In the Peace Room, Liz and Mila prepare pink body banners that read, “Iranians are our Sisters” and “Peace Talks, not War Hawks”. Desiree paints a frame to hold one of Leslie’s photos of the beautiful Iranian children and families that she met while there. Phillip researches presidential candidates’ statements on military action against Iran. Medea, Rae and Ena network with media and other peace groups to bring attention to tomorrow’s meeting.
It’s amazing how, once we have a plan, CODEPINK goes into immediate overdrive. Over dinner we discussed our plan for tomorrow—who will meet with the Senator; who will be outside in the halls liaising with media and the Capitol Police; alternatives in case the Senator doesn’t show, or doesn’t listen; who will get arrested and how. Our message and the medium through which we deliver it will be all about peace.
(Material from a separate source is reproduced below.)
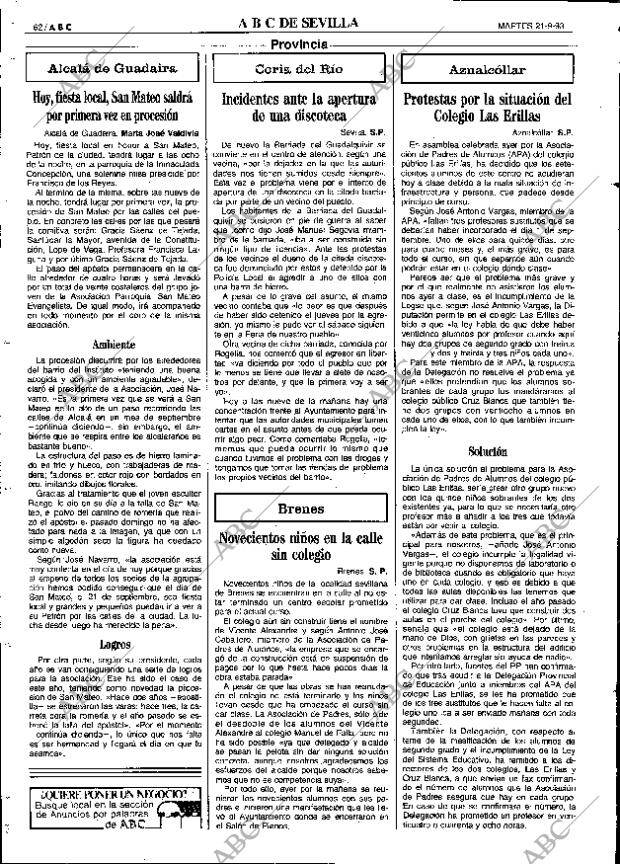 ABC SEVILLA 21-09-1993 página 62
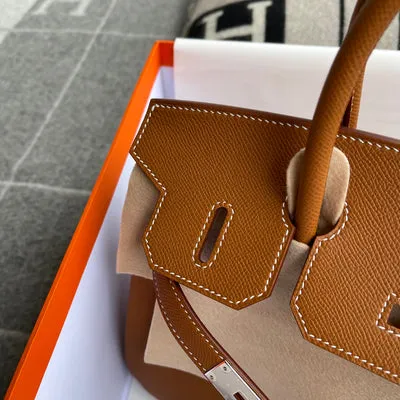 BIRKIN 30 EPSOM LEATHER GOLD WITH PALLADIUM HARDWARE (PHW) - 5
Pat, who was involved with the Vietnam anti-war movement, points out that our peace movement has a very different tone than that one.
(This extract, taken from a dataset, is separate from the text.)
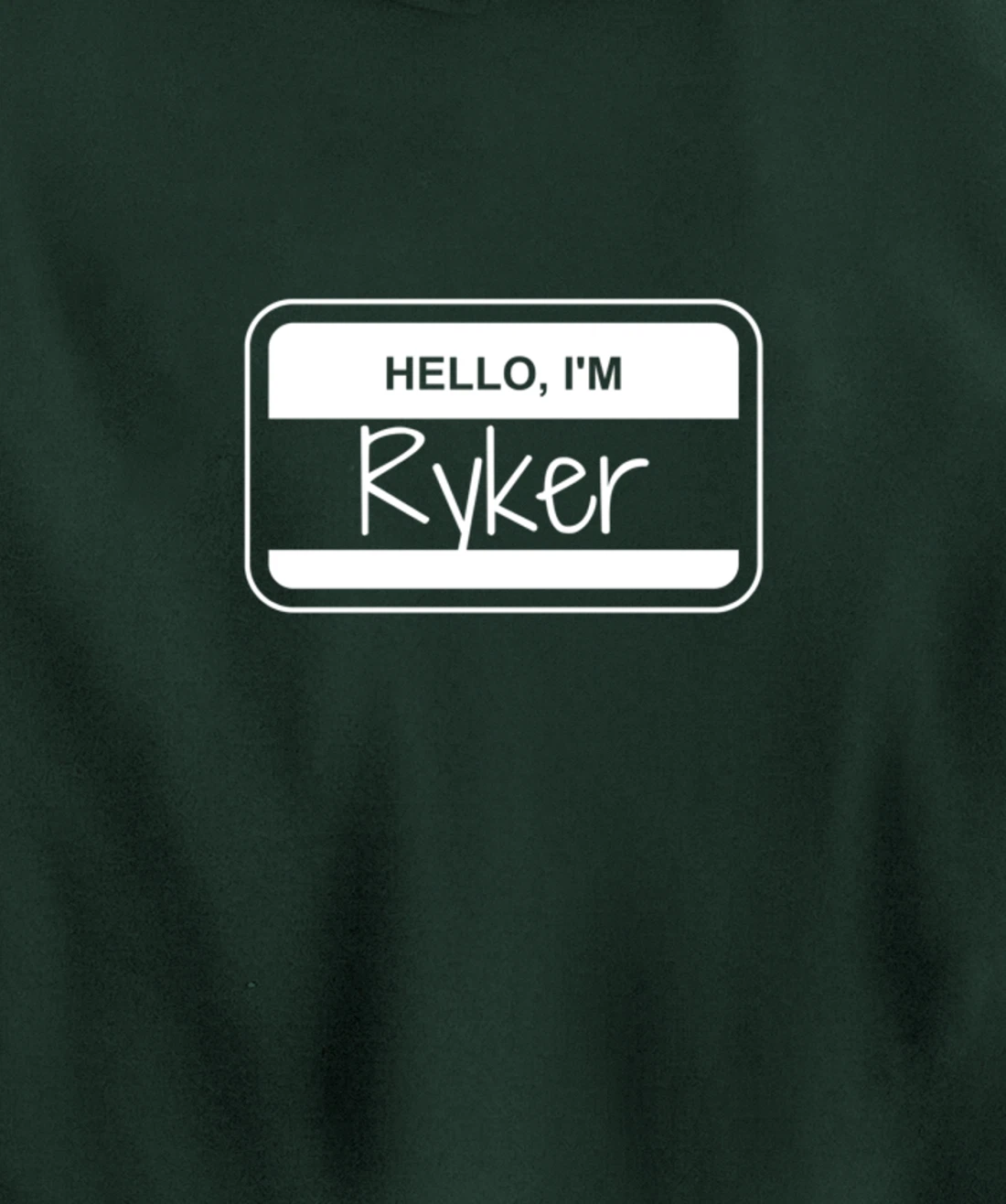 Ryker Name Tag My Name is Ryker Popular Name Tag Pullover Hoodie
“It was testosterone-filled—very militant,” she says. After having spent a couple of days on the Hill with CODEPINK, she’s impressed by the difference in our tactics. I, too, love the almost Southern-gentility of our approach. First of all, pink is such a warm, healing, non-threatening color—on my first day in the halls of Congress, I saw the affect that it has: People smile and seem welcoming, whatever their particular stand on the issue. As Pat notes, Medea (and Gael, until she got banned from the Hill) are always engaging, pleasant—assertive, but clearly there to open and maintain dialogue, not to set up untenable positions. It’s a style that wins more friends than makes enemies, and it’s one that I and my Pink Sisters all learn to emulate.
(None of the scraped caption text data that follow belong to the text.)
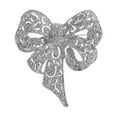 thumbnail image 1 of Kripyery Retro Big Bowknot Shape Brooch Colorful Rhinestones Inlaid Pin Shawl Dress Suit Lapel Badge Jewelry Gift Coat Accessories, 1 of 8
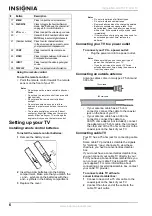 Предварительный просмотр 6 страницы Insignia NS-LCD15 - 15" LCD TV User Manual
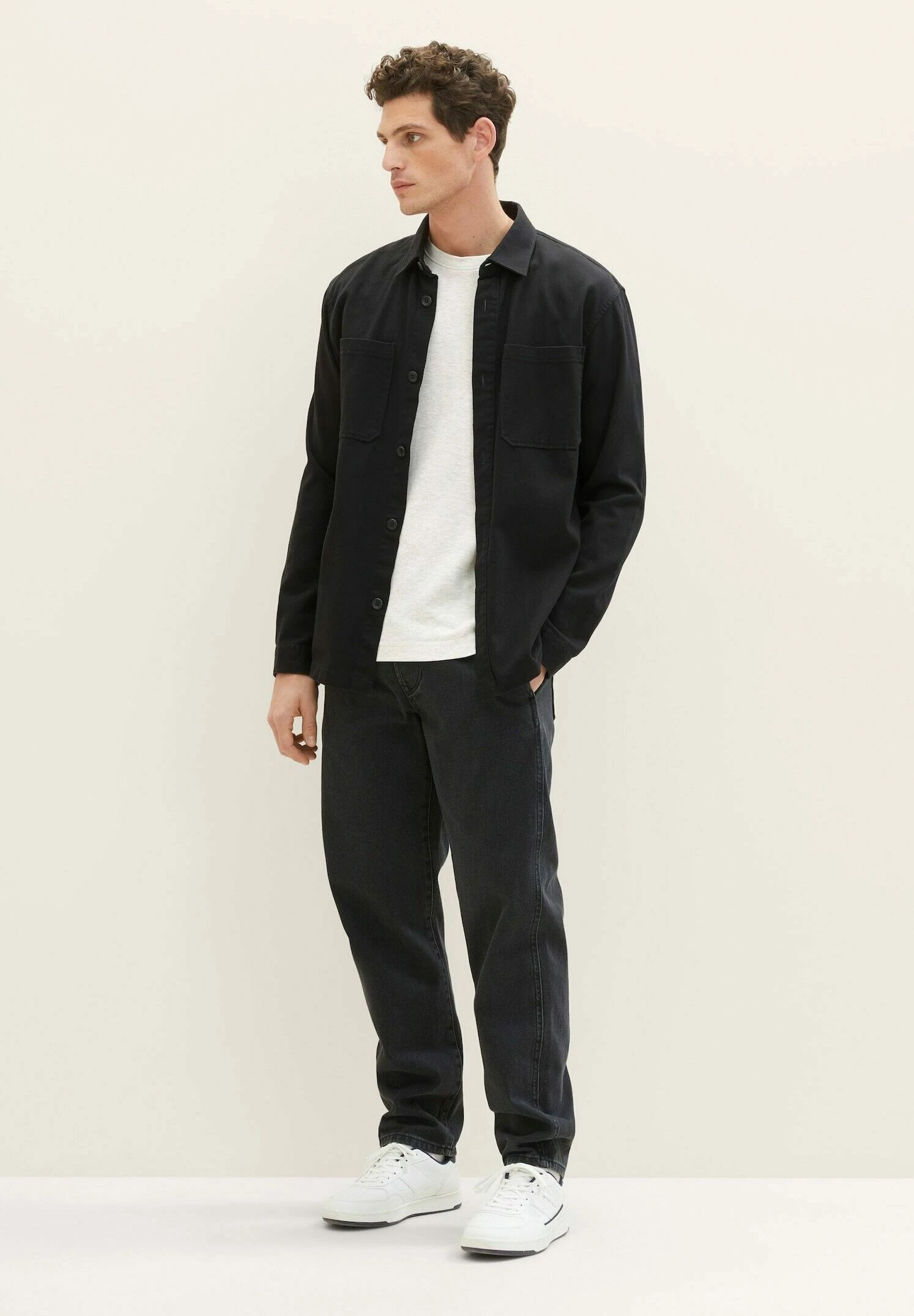 Tom Tailor Mit Struktur - Longsleeve - Vintage Beige Melange 2 Tom Tailor Mit Struktur - Longsleeve - Vintage Beige Melange - Afbeelding 2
How much more successful, I can’t help thinking, would US foreign relations be if we used the same level of diplomacy—rather than bullying and violence—to achieve our goals. I, like many others, believe that many of those now targeted as US “enemies” have legitimate grievances against this country. But as my grandma used to say, you catch a lot more flies with honey than you do with vinegar. Why is it that, with so much military and economic might, the US can’t use its power for good? Why are we still building, selling and using weapons of mass destruction (oh, those WMDs—they’re not hard to find right here at home) when that money could go toward assisting, healing, educating and encouraging people all over the world to develop their own prosperous, peaceful cultures? When the US uses its military might to try to force nations to do what we want, those nations naturally get their backs up—no matter what it is we might want.
So I hope that the generosity and joy and devotion and dedication through which CODEPINK conducts its campaign for peace will begin to disperse throughout the entire political and diplomatic community—not only to end the war in Iraq and stop one in Iran, but also to bring about peace, justice and goodwill throughout the world, for now and for the future of the Iranian, Iraqi, Afghani, Sudanese, Albanian, Chechnyan, and all the other children who will one day inherit these conflicts and concerns. What better gift can we give our children—in a global society, these are ALL our children, they are the world’s children—than the tools through which to bring about peaceful, joyful change?